## Input data:
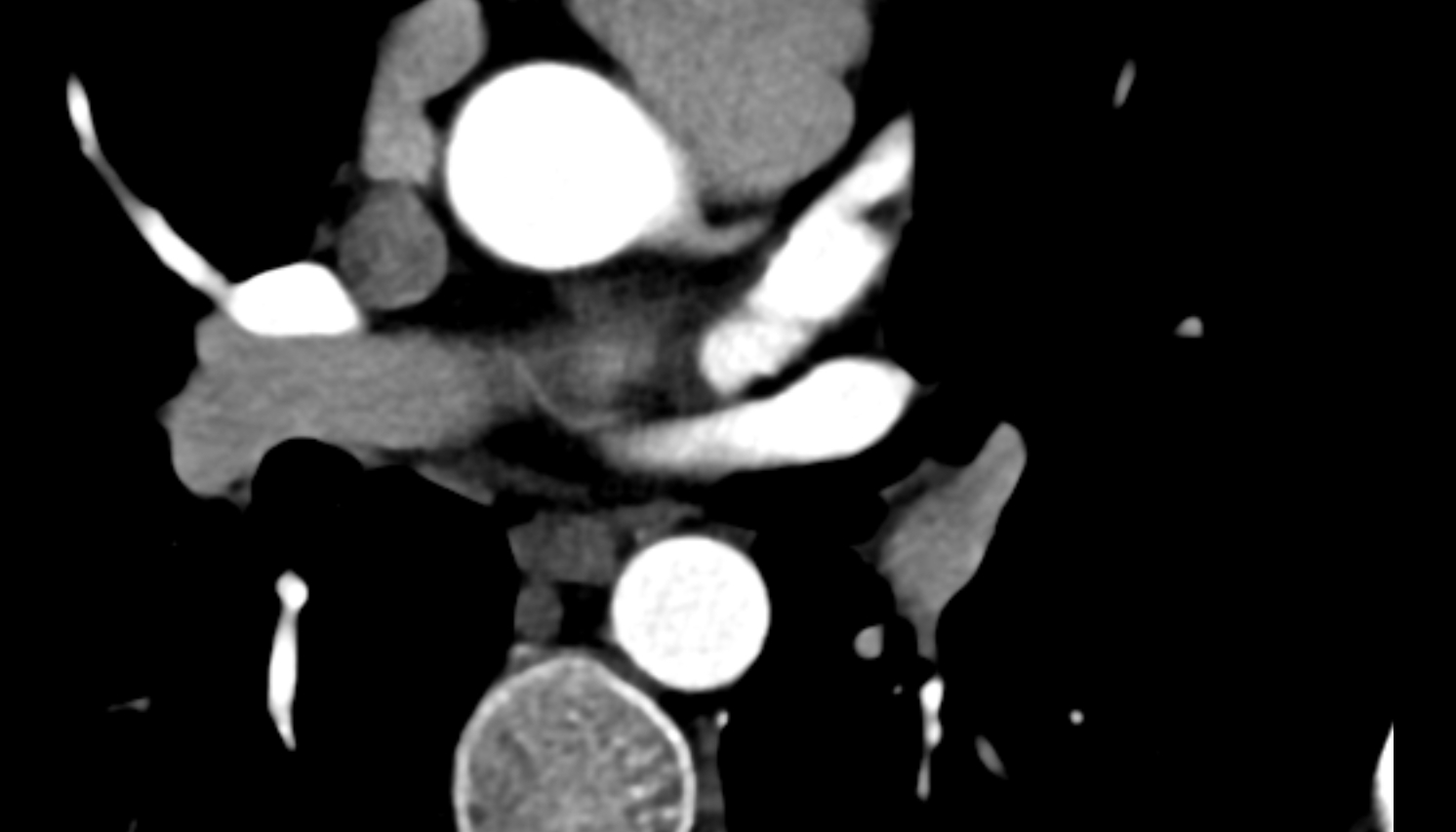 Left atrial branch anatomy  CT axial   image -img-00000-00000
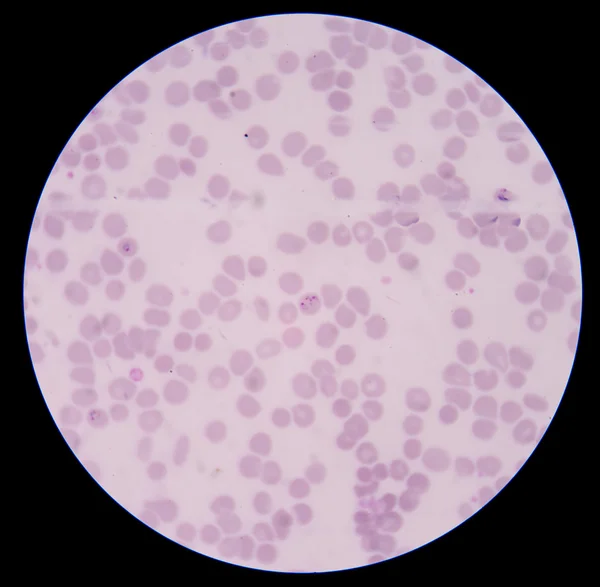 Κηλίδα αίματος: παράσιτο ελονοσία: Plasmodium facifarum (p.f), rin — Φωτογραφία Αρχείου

* * *

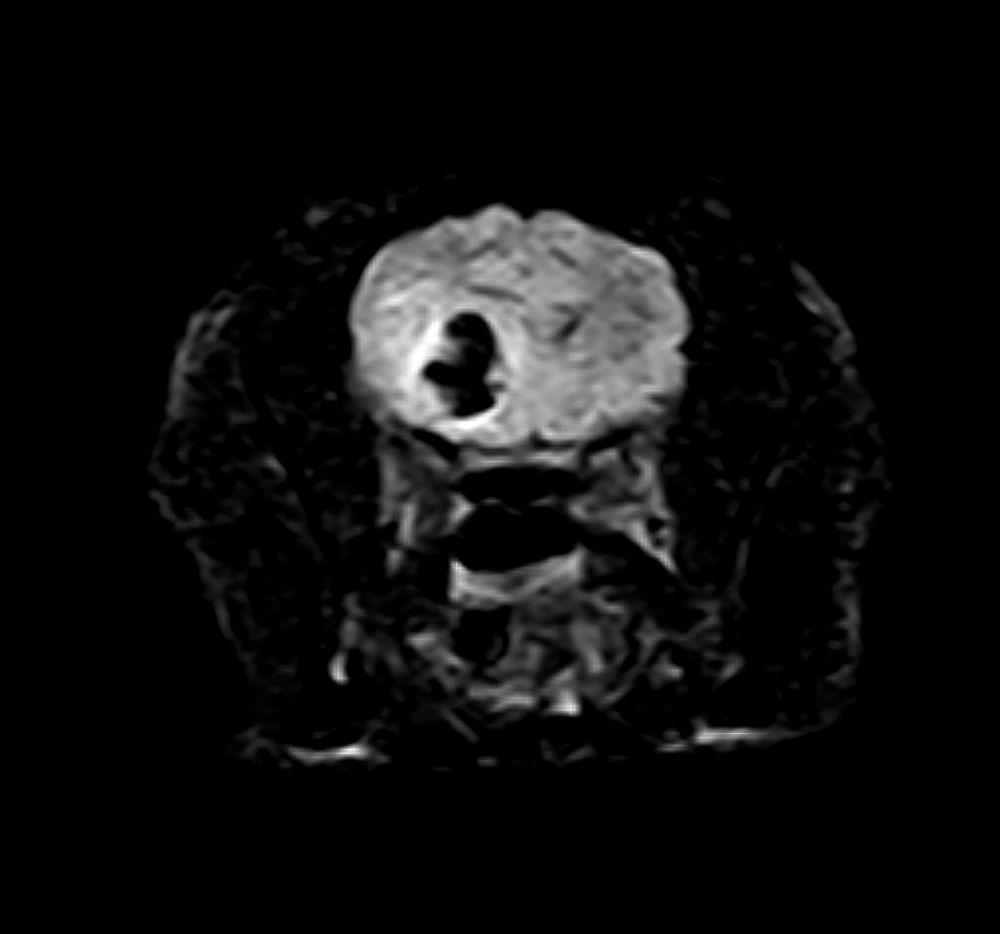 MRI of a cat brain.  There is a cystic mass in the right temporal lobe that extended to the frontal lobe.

## Assignment:
Return, exactly as they stand, the lines above from the one with "Left atrial branch" to the one with "Κηλίδα αίματος: παράσιτο", omitting any pictures among them.

## Answer to this task:
 Left atrial branch anatomy  CT axial   image -img-00000-00000
 Κηλίδα αίματος: παράσιτο ελονοσία: Plasmodium facifarum (p.f), rin — Φωτογραφία Αρχείου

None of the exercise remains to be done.